PhD

The abstract of my PhD in Information Systems, completed in 1999 and awarded in 2000 from Massey University, New Zealand.

The full text is available here.

Abstract

Conceptual data models, a fundamental component of information systems development, traditionally play two essential roles as communication tools and database design blueprints.  However, despite their importance to the success of information systems, and a considerable amount of research effort, no definitive method for constructing them has yet been described.  Entity-Relationship (E-R) Modelling, accepted as a de facto standard for a number of years, has been increasingly criticised.  A number of alternatives have been proposed and some, such as Object-Oriented modelling, have gradually been accepted by the practitioner community.  Nevertheless, effective conceptual data modelling continues to be recognised as a difficult activity, both to teach and to practice.

This study investigates conceptual data modelling in the context of the relational database development process.  However, rather than specifying a new method or exploring the efficacy of existing ones, it focuses on the nature of the activity itself.  The construction of a conceptual data model encompasses both the analysis and design stages of systems development.  Some fundamental differences in modeller behaviour required by these activities, are explored.  The disparate purposes of a conceptual data model are also investigated and the effectiveness of using the same modelling method in both stages, and for both purposes, is questioned.  To explore the suitability of current methods to specific development activities, the procedures inherent in the use of two modelling approaches, E-R Modelling and the Natural Language Information Analysis Method (NIAM) are also investigated.

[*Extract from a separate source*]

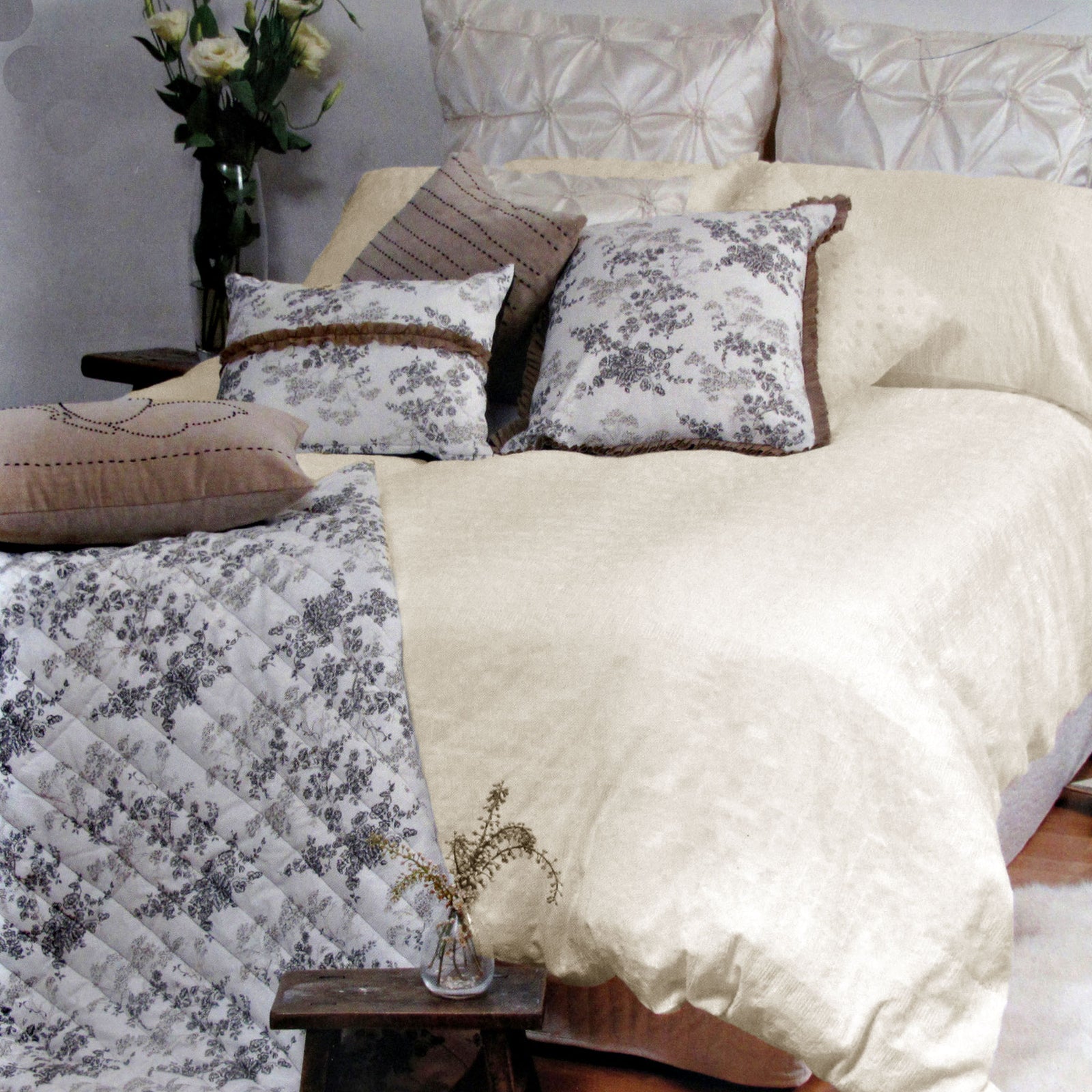 Canterbury | Tarlo Cream | Quilt Cover Set | Queen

The result of this exploration is the recognition that the methods have exclusive strengths and that it is more productive to view them as complementary rather than competitive.  Consequently, a database design framework, INTECoM, is constructed in which the two methods are integrated and matched to the activities for which they are most suited.  The framework is supplemented by a new technique, NaLER, to facilitate communication in the design stage  The soundness and viability of this theoretical framework is examined through its use on a small development and the implications of the adoption of INTECoM on both education and practice are considered.